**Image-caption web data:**
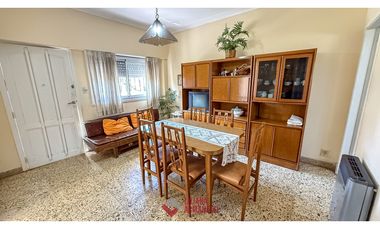 CHALET 4 AMBIENTES + DEPTO 2 AMBIENTES. CONSTITUCION.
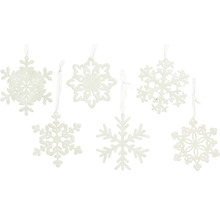 Zes vilten sneeuwvlokken met linten om op te hangen als kerstversiering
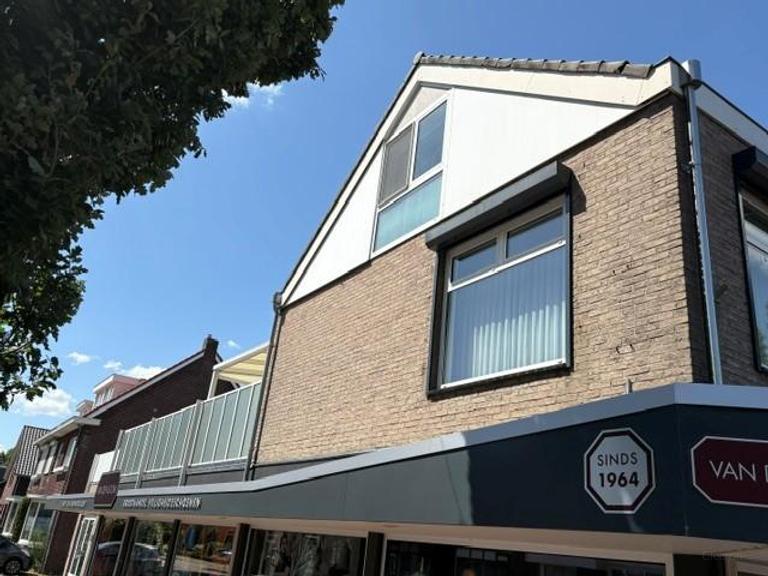 170 m² of living space with large roof terrace in Ospel - Image 2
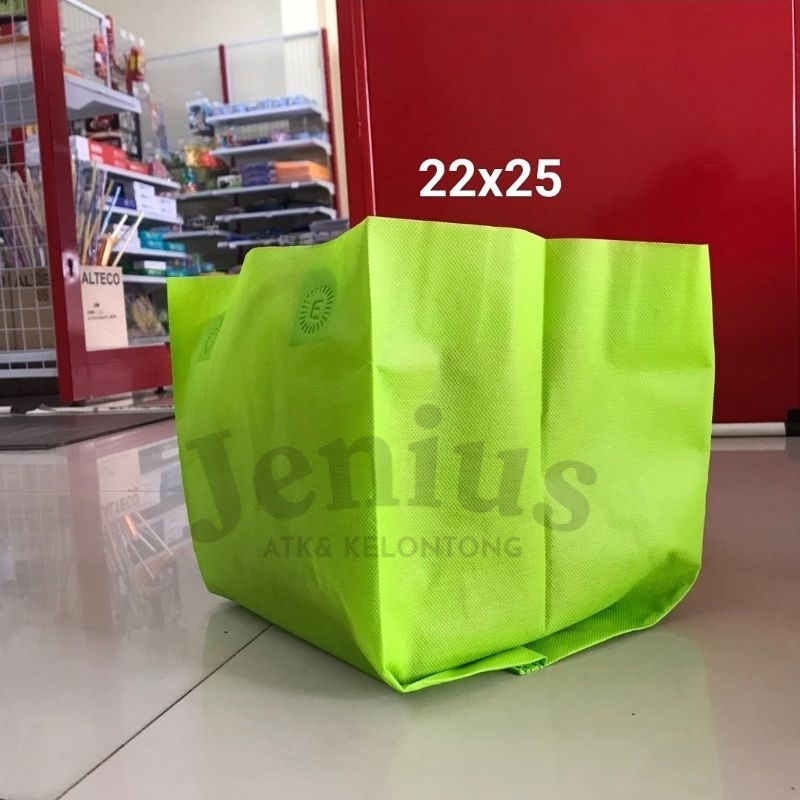 

Tas Sponbond/ Goodie bag BOX 22x25/ kotak kue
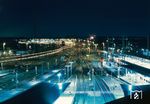 Blick auf das westliche Gleisvorfeld von Karlsruhe Hbf. Der beleuchtete Teil im Hintergund ist die Abstellgruppe West, dahinter liegt das Bw. (06.1997) <i>Foto: Jean-Jacques Nsaka </i>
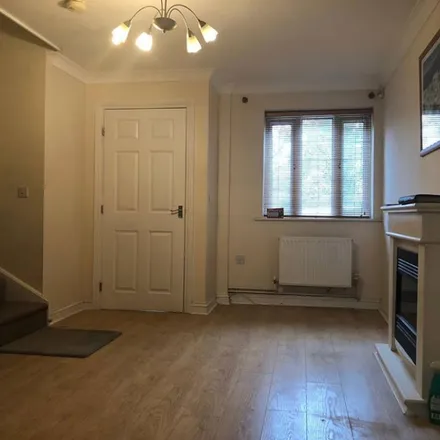 Image 3 - Bluebell Close, London, UB5 5TW, United Kingdom - Apartment for rent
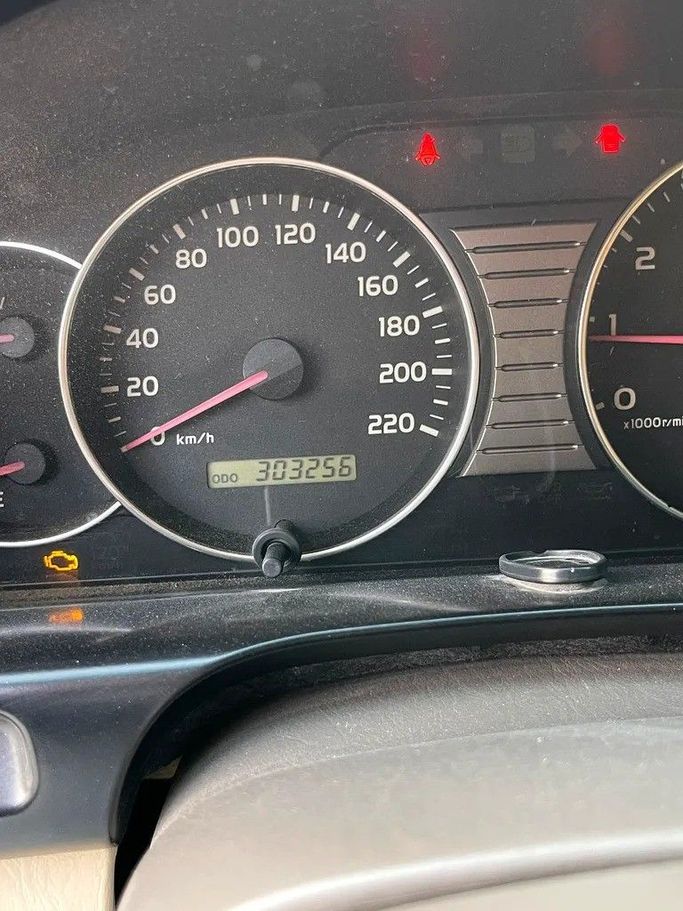 Used Toyota Land Cruiser 100 Series Facelift 2, 4.7 l, 2006 in Sharjah by Darb Al Saada Used cars, White color. GCC Specs | AUTO.AE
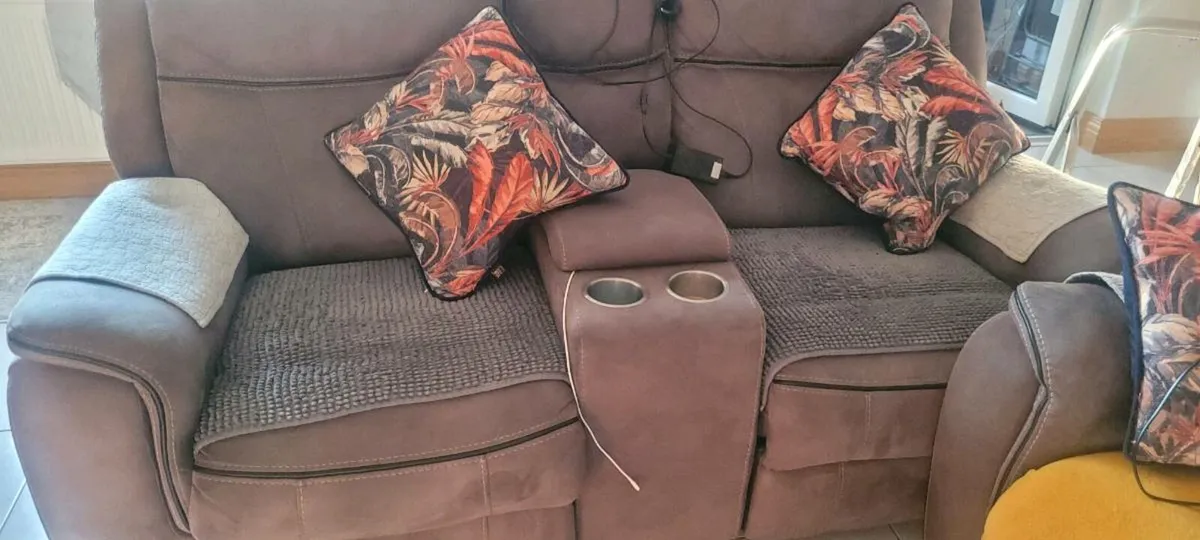 3 seater plus 2 seater all electric reclining sofa - Image 1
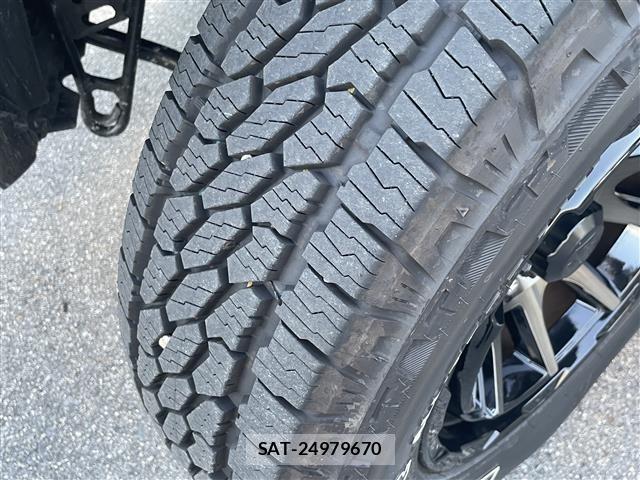 Suzuki JIMNY SIERRA 2025 8917578-18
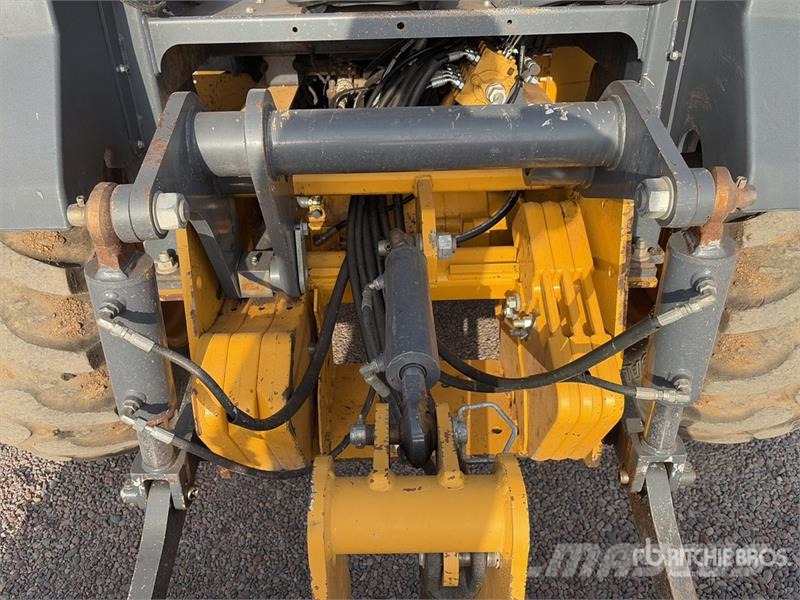 John Deere 210L EP 4x4 Landscape Loader Фронтальні навантажувачі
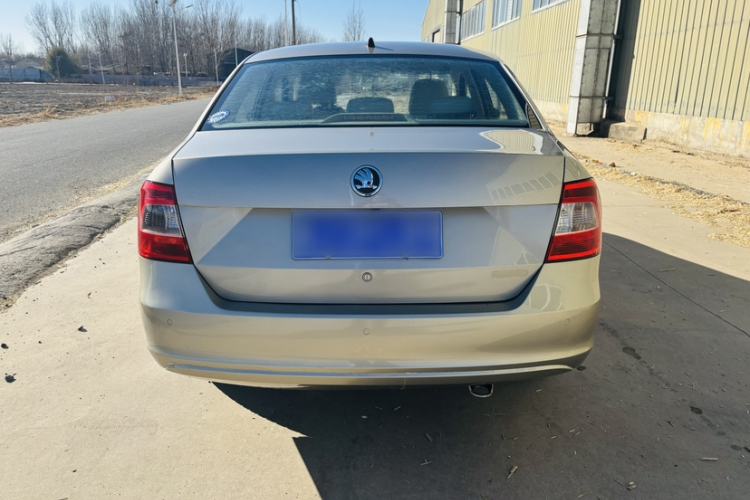 Used Skoda Rapid 2013 1.4L Manual Smart Selection Trim Exterior 4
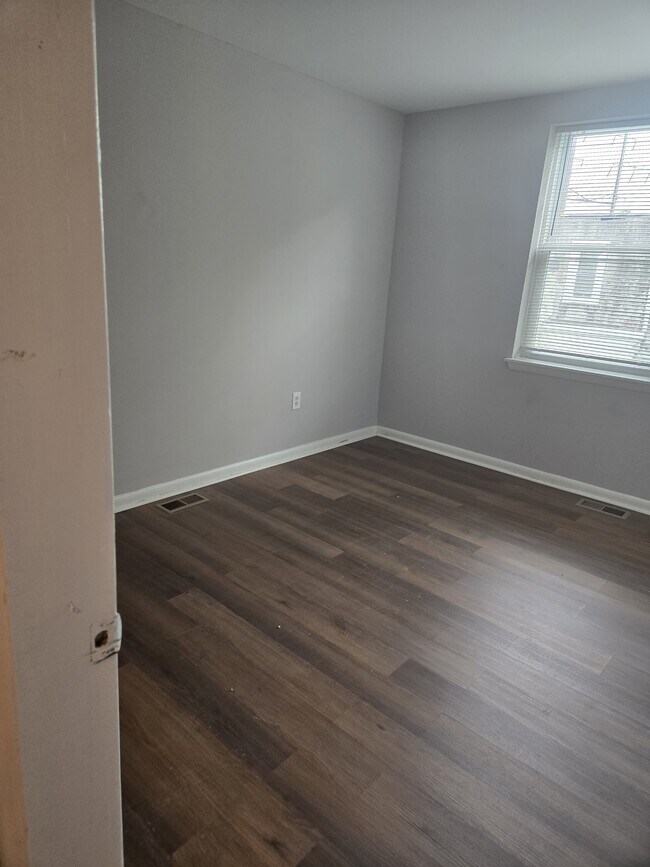 Building Photo - 4206 W Girard Ave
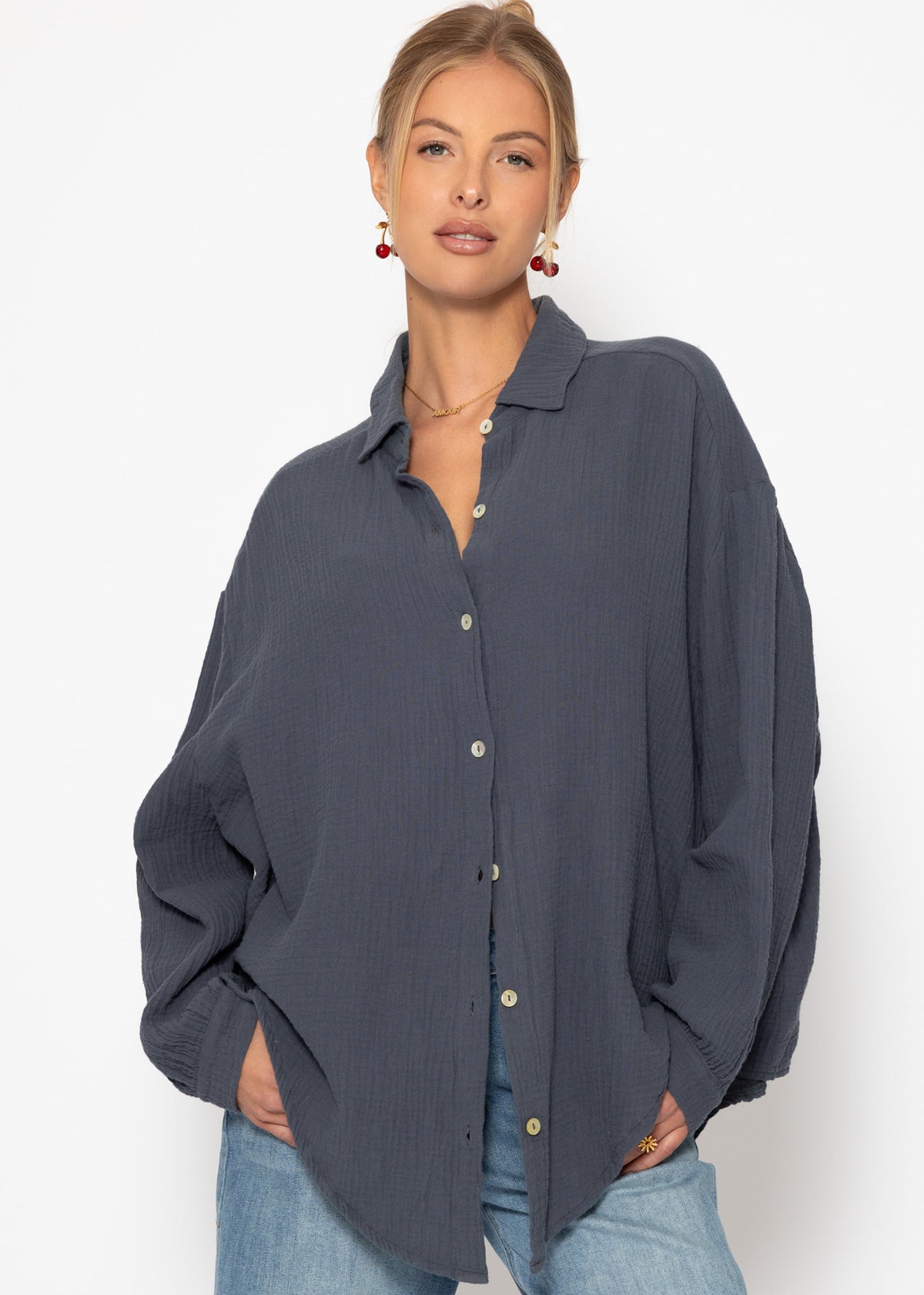SASSYCLASSY Longbluse Oversize Musselin Bluse Damen kurz Langarm Elegant Hemdbluse lang aus Baumwolle mit V-Ausschnitt, One Size (Gr. 36-48)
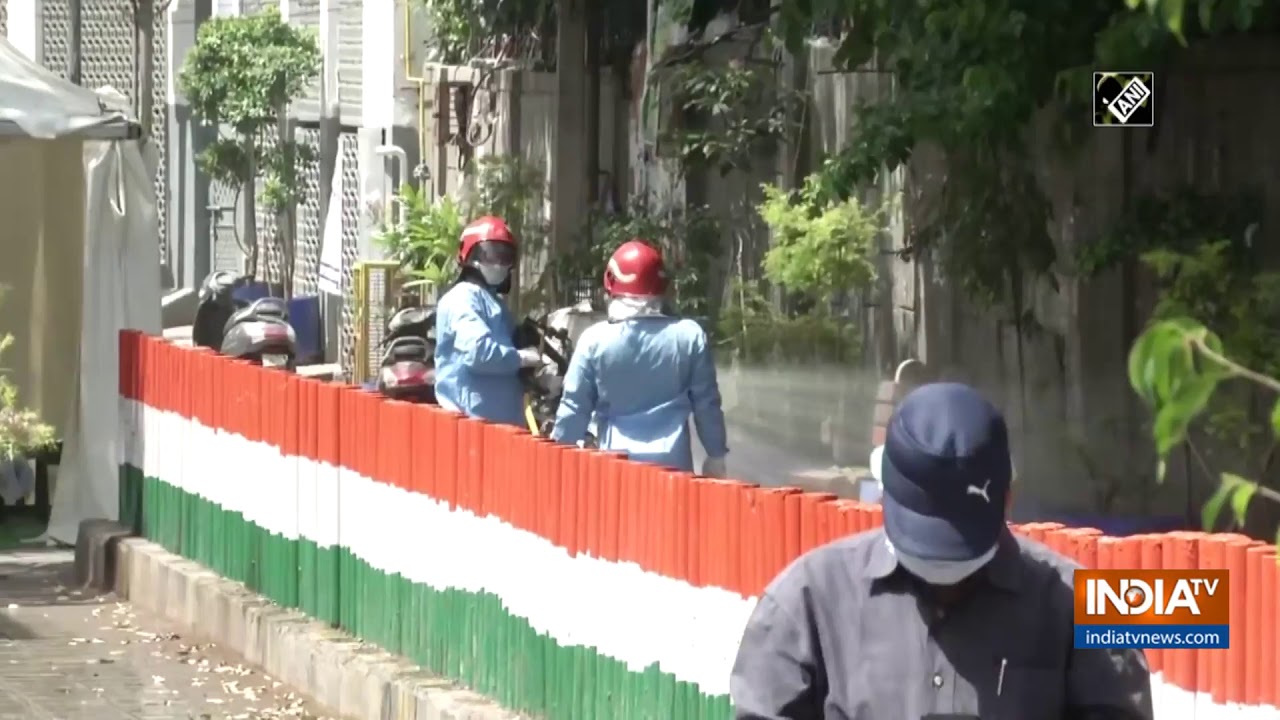 Delhi Fire Service, SDMC spray disinfectants outside Markaz in Nizamuddin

**Exercise details:**
Pictures stay out; reproduce every line of the records exactly.

**Response box:**
 CHALET 4 AMBIENTES + DEPTO 2 AMBIENTES. CONSTITUCION.
 Zes vilten sneeuwvlokken met linten om op te hangen als kerstversiering
 170 m² of living space with large roof terrace in Ospel - Image 2

Tas Sponbond/ Goodie bag BOX 22x25/ kotak kue
 Blick auf das westliche Gleisvorfeld von Karlsruhe Hbf. Der beleuchtete Teil im Hintergund ist die Abstellgruppe West, dahinter liegt das Bw. (06.1997) <i>Foto: Jean-Jacques Nsaka </i>
 Image 3 - Bluebell Close, London, UB5 5TW, United Kingdom - Apartment for rent
 Used Toyota Land Cruiser 100 Series Facelift 2, 4.7 l, 2006 in Sharjah by Darb Al Saada Used cars, White color. GCC Specs | AUTO.AE
 3 seater plus 2 seater all electric reclining sofa - Image 1
 Suzuki JIMNY SIERRA 2025 8917578-18
 John Deere 210L EP 4x4 Landscape Loader Фронтальні навантажувачі
 Used Skoda Rapid 2013 1.4L Manual Smart Selection Trim Exterior 4
 Building Photo - 4206 W Girard Ave
SASSYCLASSY Longbluse Oversize Musselin Bluse Damen kurz Langarm Elegant Hemdbluse lang aus Baumwolle mit V-Ausschnitt, One Size (Gr. 36-48)
 Delhi Fire Service, SDMC spray disinfectants outside Markaz in Nizamuddin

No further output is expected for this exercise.